BEGIN Material to process
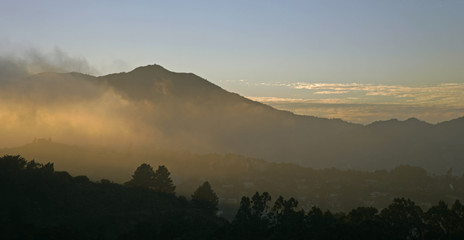 mt-tam fog sunset pano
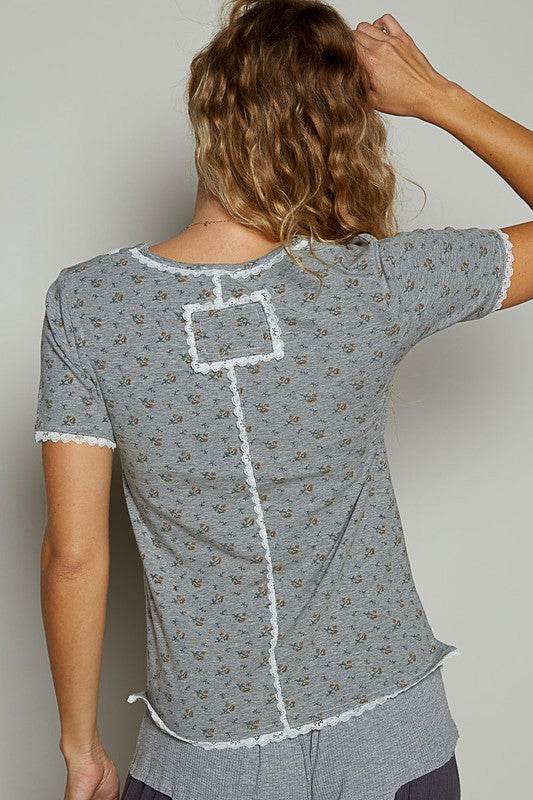 POL Lace Detail Floral V-Neck Button Detail Short Sleeve T-Shirt - Shop Style & More | Fresh Looks, Everyday Deals & Free Shipping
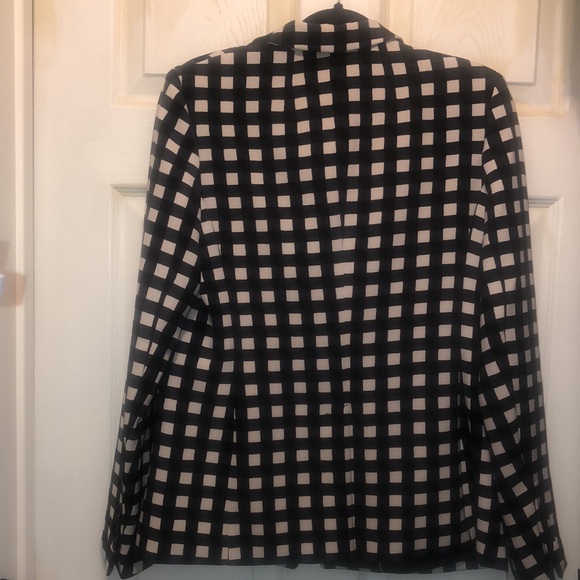 Banana Republic Black White Navy Plaid Gingham Blazer sz 8 single button close - Picture 3 of 4
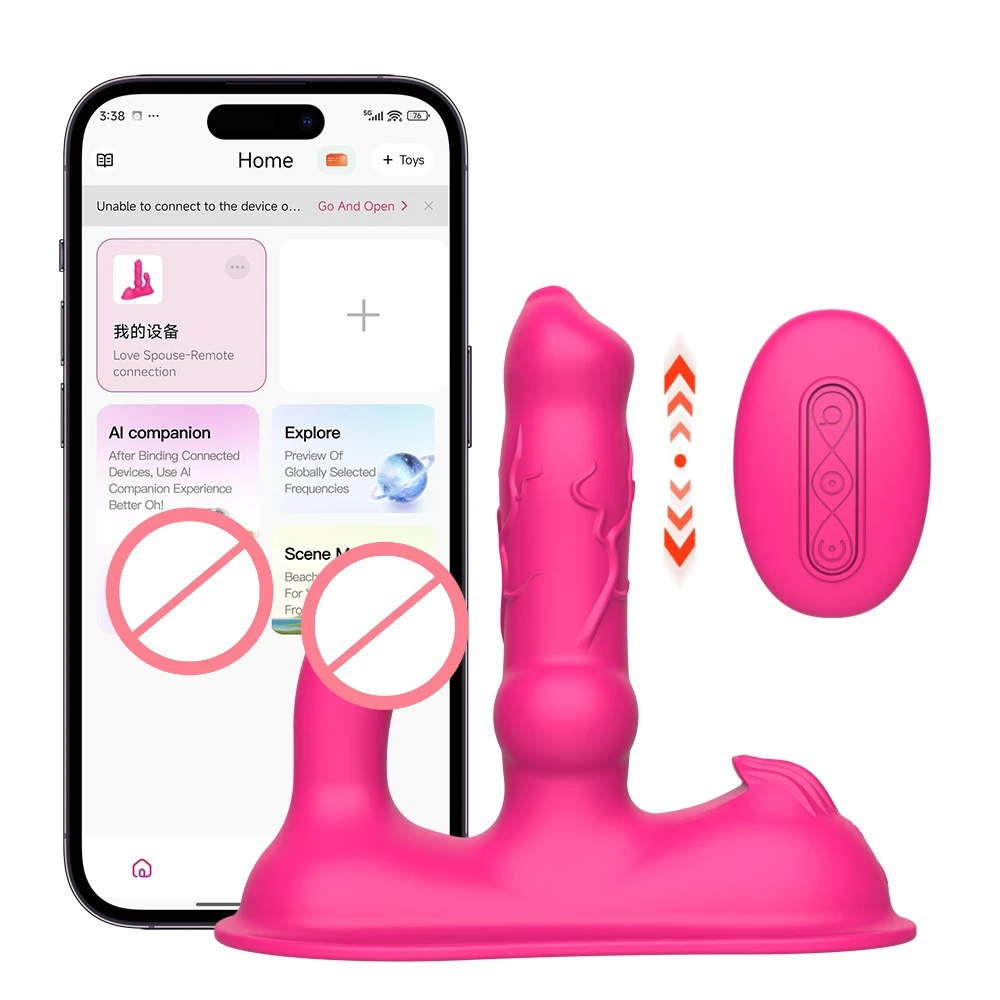Hands-free Dual Motor Vibrator Female Masturbation Telescopic Powerful Vibration Dildo Thrusting Vagina Vibrator Sex Toy 18+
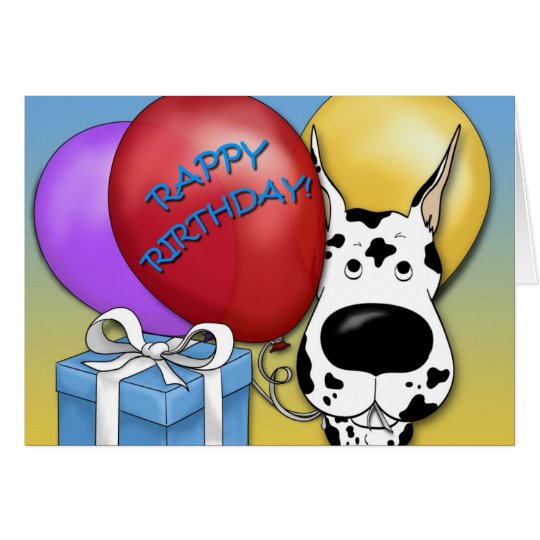 Great Dane Birthday Card | Zazzle.com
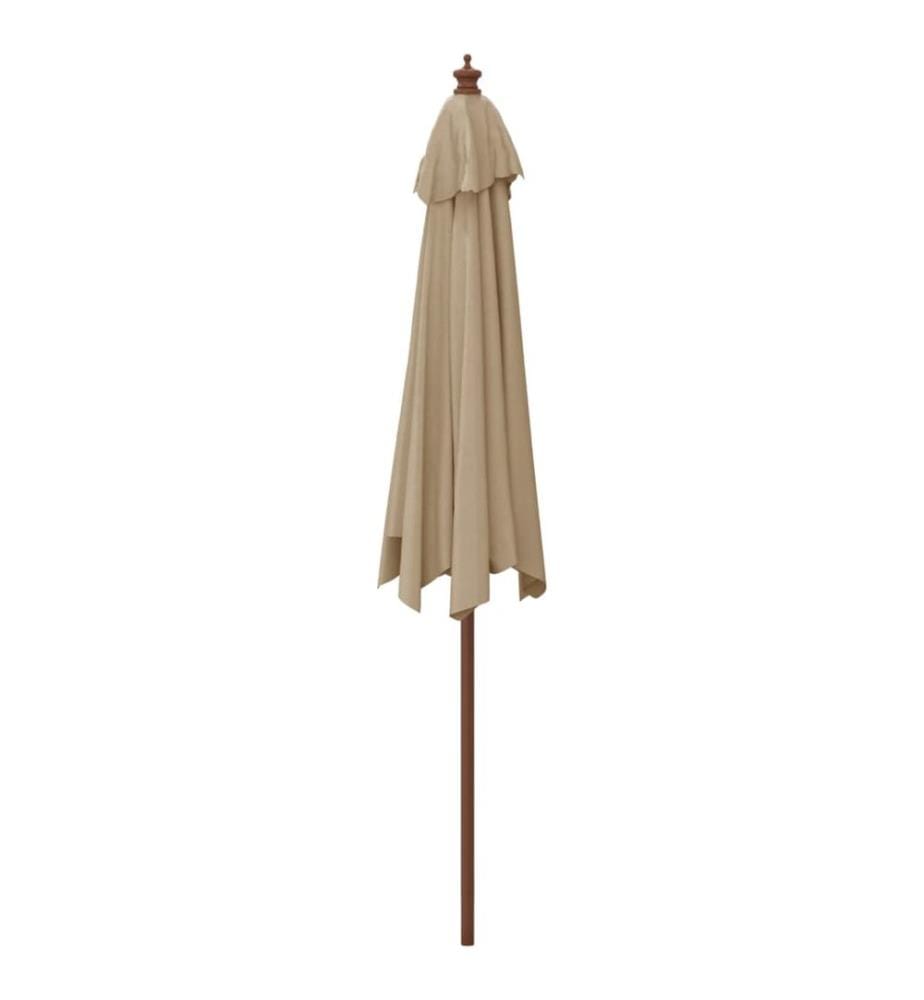 Parasol de jardin avec mât en bois taupe 299x240 cm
END Material to process
■ Exercise details ■
Reproduce only the lines between the line with "Banana Republic Black" and the final line of the records, both included, so that the copy matches them exactly and contains no pictures.

■ Your response ■
 Banana Republic Black White Navy Plaid Gingham Blazer sz 8 single button close - Picture 3 of 4
Hands-free Dual Motor Vibrator Female Masturbation Telescopic Powerful Vibration Dildo Thrusting Vagina Vibrator Sex Toy 18+
 Great Dane Birthday Card | Zazzle.com
 Parasol de jardin avec mât en bois taupe 299x240 cm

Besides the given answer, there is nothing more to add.